Diagonalising a quadratic Fermion Hamiltonian

It’s even easier than you probably realised.

I’m talking about a Hamiltonian such as $$H=a_1^\dagger a_1^{\phantom\dagger} + a_2^{\phantom\dagger}a_2^\dagger + 2a_1^\dagger a_2^\dagger + 2a_2^{\phantom\dagger}a_1^{\phantom\dagger},$$ where the $a_i$ satisfy the canonical anti-commutation relations $$\{a_i^{\phantom\dagger},a_j^\dagger\}=\delta_{ij},\quad \{a_i^{\phantom\dagger},a_j^{\phantom\dagger}\}=0,\quad \{a_i^\dagger,a_j^\dagger\}=0.$$ And yes, we will allow terms like $a_i^\dagger a_j^\dagger$ that are not number preserving. They appear commonly in the theory of superconductivity.

There is lots of literature on this, see below. And that’s fine, but I wanted a very short recipe, which I found in the following paper:

  • J. L. van Hemmen, Z. Physik B–Consensed Matter 38, 271–277 (1980). doi:10.1007/BF01315667.

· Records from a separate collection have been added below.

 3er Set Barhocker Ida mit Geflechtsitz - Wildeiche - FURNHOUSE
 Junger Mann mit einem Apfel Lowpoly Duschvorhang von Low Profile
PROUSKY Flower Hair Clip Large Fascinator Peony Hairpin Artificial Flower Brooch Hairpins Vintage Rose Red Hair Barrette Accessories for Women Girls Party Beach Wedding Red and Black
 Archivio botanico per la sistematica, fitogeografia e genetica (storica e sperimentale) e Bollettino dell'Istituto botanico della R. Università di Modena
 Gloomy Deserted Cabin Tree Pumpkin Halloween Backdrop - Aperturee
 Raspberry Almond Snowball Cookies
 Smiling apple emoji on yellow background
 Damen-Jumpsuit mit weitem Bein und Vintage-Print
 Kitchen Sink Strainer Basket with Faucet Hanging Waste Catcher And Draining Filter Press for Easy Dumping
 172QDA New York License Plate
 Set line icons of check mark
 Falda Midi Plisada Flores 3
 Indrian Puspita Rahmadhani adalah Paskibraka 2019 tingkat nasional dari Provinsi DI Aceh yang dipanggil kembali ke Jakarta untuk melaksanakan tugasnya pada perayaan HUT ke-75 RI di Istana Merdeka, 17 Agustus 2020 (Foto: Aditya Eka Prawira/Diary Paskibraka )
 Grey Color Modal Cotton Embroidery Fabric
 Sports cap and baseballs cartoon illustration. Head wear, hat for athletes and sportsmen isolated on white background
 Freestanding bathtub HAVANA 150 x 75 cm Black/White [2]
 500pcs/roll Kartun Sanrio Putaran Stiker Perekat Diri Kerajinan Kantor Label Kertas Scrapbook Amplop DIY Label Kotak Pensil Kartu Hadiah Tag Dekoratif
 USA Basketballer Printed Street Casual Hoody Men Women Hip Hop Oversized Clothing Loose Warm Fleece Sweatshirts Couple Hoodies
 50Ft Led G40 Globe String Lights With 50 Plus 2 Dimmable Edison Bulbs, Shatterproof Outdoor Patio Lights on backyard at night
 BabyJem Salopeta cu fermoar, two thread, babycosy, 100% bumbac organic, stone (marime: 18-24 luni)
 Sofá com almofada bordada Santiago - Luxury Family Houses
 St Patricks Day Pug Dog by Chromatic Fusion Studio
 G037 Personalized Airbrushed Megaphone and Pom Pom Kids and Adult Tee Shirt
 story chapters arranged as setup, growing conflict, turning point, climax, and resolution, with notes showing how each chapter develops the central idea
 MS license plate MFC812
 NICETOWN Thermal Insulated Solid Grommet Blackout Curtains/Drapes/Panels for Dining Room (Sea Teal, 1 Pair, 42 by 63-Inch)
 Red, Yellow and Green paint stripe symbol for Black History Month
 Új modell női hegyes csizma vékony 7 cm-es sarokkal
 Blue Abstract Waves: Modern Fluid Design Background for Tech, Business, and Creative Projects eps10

It’s the most concise treatment I could find, so here we go.

Conventions: $a^\dagger$ is the Hermitian conjugate, or adjoint, of $a$; $\bar x$ is the complex conjugate of $x$; and $X^t$ denotes the transpose of $X$.

First, let’s write the Hamiltonian in the form $$H=\sum_{i,j=1}^n\bigl(A_{ij}a_i^\dagger a_j^{\phantom\dagger} + B_{ij}a_i^\dagger a_j^\dagger - \overline{B_{ji}}a_i^{\phantom\dagger} a_j^{\phantom\dagger} - A_{ji}a_i^{\phantom\dagger} a_j^\dagger \bigr)$$ with $$A^\dagger=A,\qquad B=-B^t.$$ (This is without loss of generality, and I’ll explain below what to do if your favourite Hamiltonian isn’t of this form yet.)

As a second preparation, we define the anti-unitary operator $$J\begin{pmatrix} u\\v \end{pmatrix}=\begin{pmatrix} \bar v\\\bar u \end{pmatrix}$$ for any $u,v\in\mathbb{C}^n$. That’s nothing but a ‘conjugate swap’.

Now all we have to do is the following:

Step 1 of 2

Diagonalise the matrix $$D=\begin{pmatrix}A&B\\-\bar B&-\bar A\end{pmatrix},$$ and consider its eigenvalues and set of orthonormal eigenvectors. (If necessary, repeat identical eigenvalues for distinct eigenvectors, so that we definitely have a total of $2n$ eigenvalues.) For the moment, assume that all eigenvalues are non-zero.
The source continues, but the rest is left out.